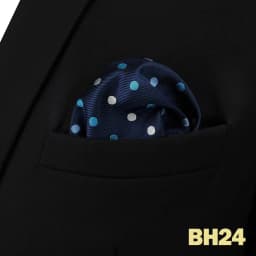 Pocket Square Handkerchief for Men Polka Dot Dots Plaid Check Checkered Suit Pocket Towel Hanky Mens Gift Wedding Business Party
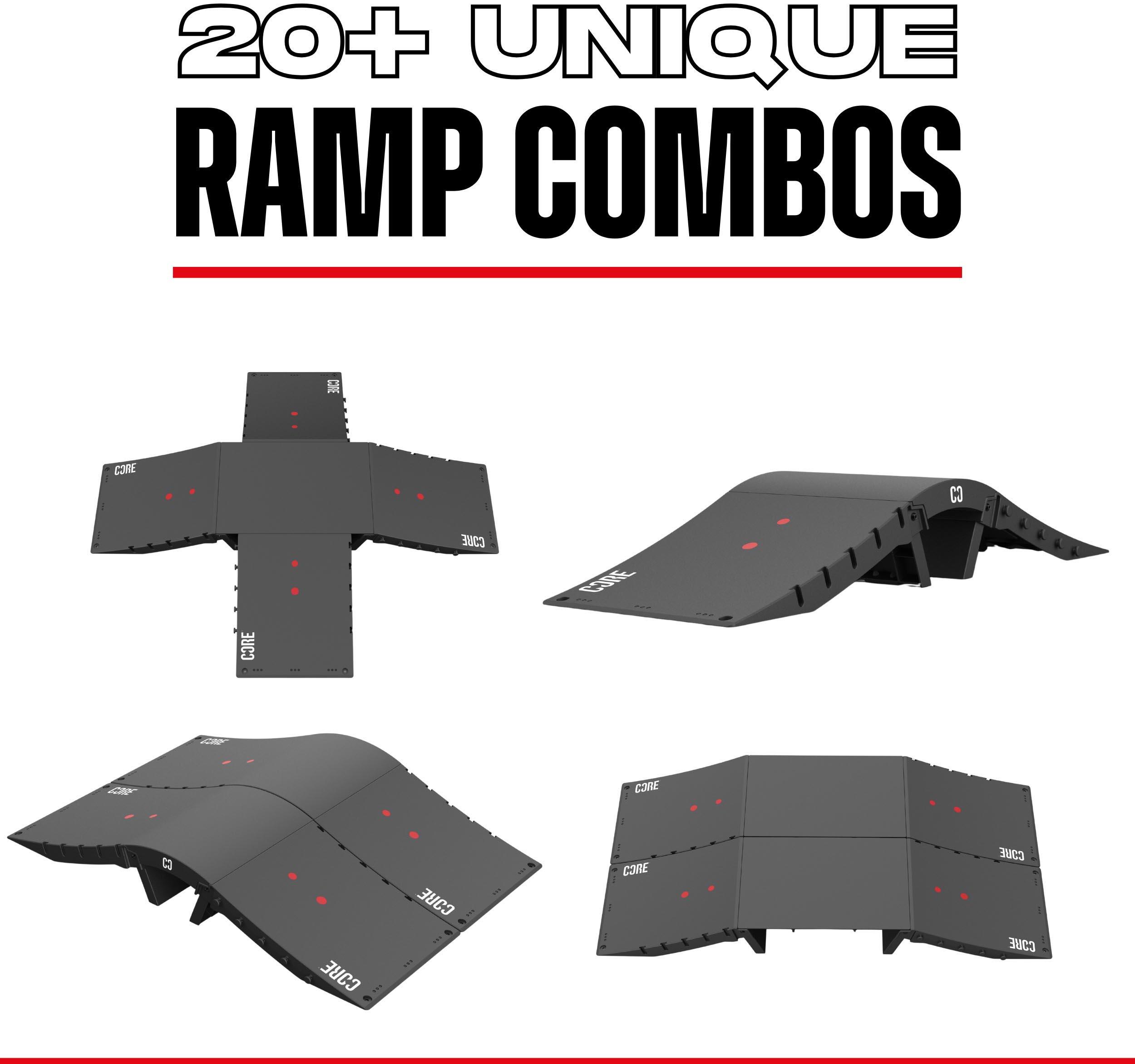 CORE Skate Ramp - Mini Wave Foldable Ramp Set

--

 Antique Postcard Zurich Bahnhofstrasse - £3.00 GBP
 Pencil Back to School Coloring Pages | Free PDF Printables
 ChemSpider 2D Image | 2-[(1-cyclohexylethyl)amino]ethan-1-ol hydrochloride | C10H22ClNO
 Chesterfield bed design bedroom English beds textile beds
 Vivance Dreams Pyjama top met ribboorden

...

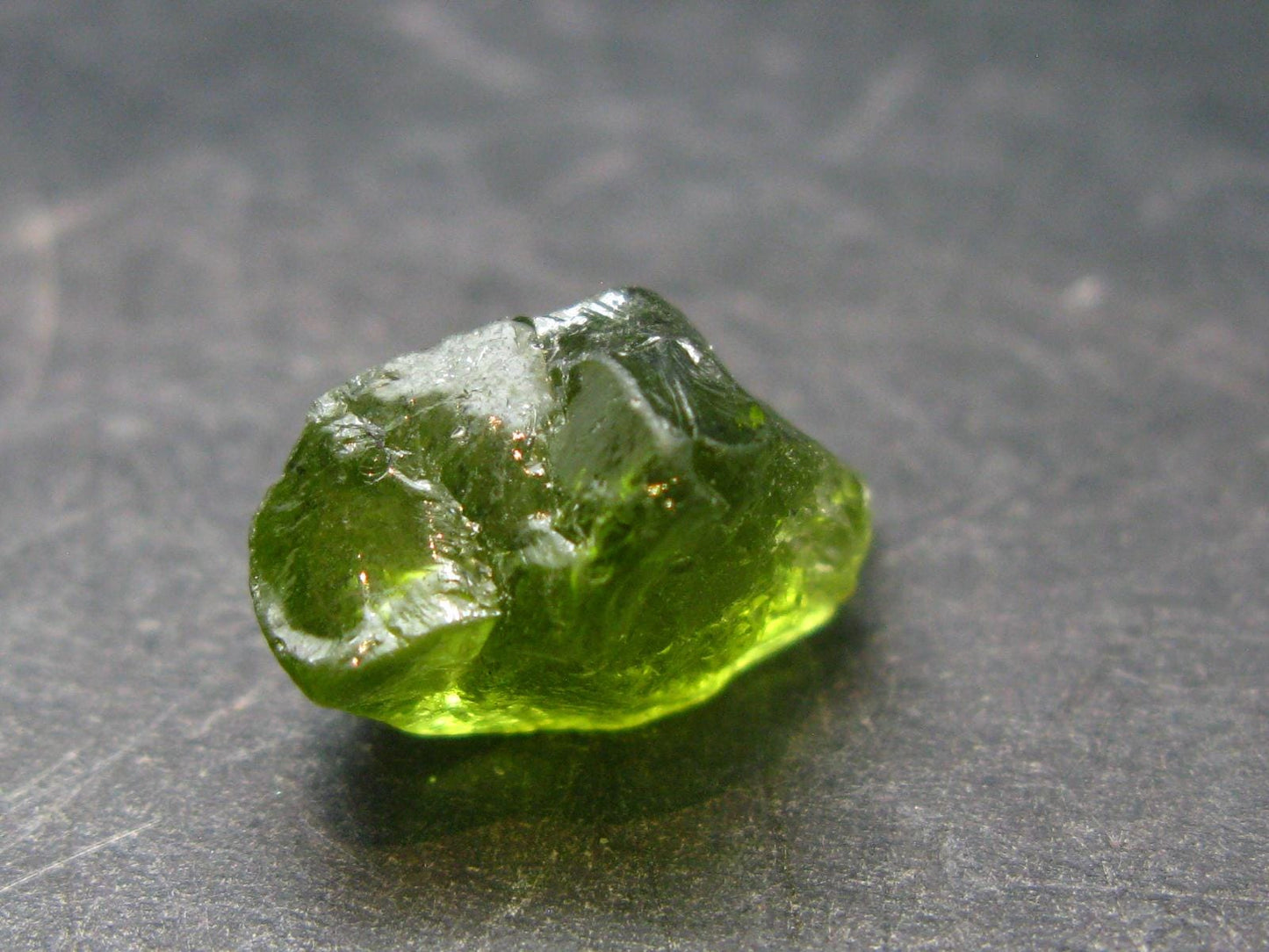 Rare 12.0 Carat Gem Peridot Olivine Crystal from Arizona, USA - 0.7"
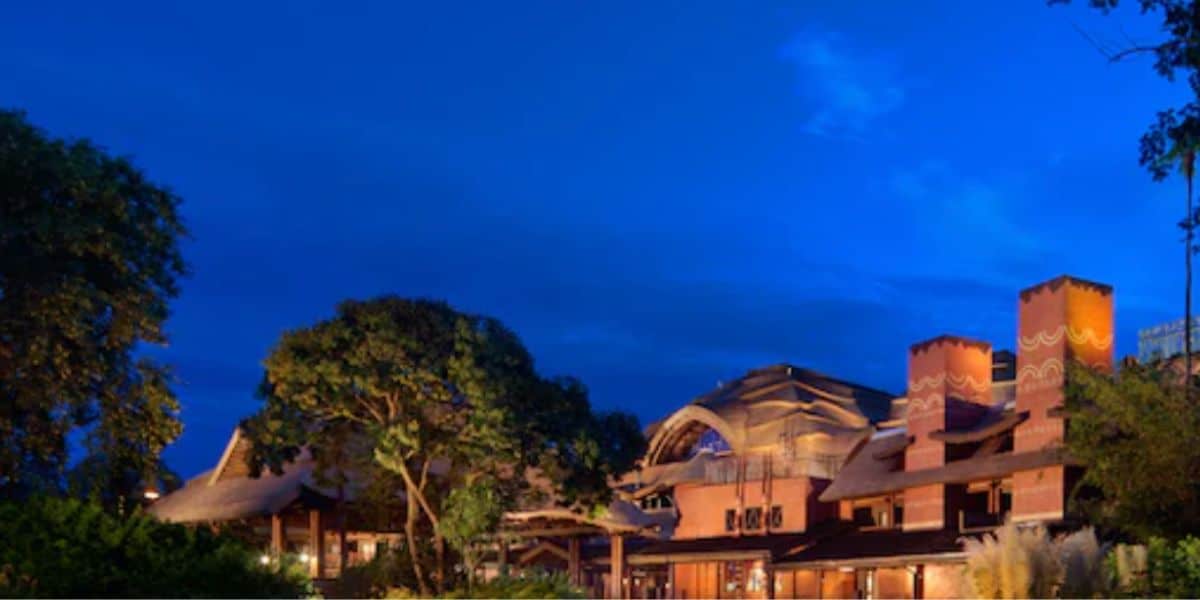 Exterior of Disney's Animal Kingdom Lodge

# [Work item]
Exact duplication is required for the lines above, from the line that contains "Pencil Back to" to the line that contains "Vivance Dreams Pyjama top met ribboorden", inclusive; omit all others.

# [Result]
 Pencil Back to School Coloring Pages | Free PDF Printables
 ChemSpider 2D Image | 2-[(1-cyclohexylethyl)amino]ethan-1-ol hydrochloride | C10H22ClNO
 Chesterfield bed design bedroom English beds textile beds
 Vivance Dreams Pyjama top met ribboorden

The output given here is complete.